## WHAT TO PRODUCE
Print the listing below from its opening line through the line holding "A circa 1900", both ends included.

------------------------------------------------

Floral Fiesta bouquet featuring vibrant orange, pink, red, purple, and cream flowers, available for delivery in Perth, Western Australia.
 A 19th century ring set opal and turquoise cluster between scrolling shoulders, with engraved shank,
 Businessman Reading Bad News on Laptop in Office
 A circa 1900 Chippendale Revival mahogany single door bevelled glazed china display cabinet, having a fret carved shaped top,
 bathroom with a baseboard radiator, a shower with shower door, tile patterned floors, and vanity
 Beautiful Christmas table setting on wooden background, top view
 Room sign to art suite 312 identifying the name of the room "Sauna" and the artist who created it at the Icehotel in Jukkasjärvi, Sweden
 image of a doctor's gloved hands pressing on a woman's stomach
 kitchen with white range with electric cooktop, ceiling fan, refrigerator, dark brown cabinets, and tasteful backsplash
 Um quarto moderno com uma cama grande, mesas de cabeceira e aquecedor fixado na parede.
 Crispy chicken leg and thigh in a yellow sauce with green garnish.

------------------------------------------------

## EXERCISE SOLUTION
Floral Fiesta bouquet featuring vibrant orange, pink, red, purple, and cream flowers, available for delivery in Perth, Western Australia.
 A 19th century ring set opal and turquoise cluster between scrolling shoulders, with engraved shank,
 Businessman Reading Bad News on Laptop in Office
 A circa 1900 Chippendale Revival mahogany single door bevelled glazed china display cabinet, having a fret carved shaped top,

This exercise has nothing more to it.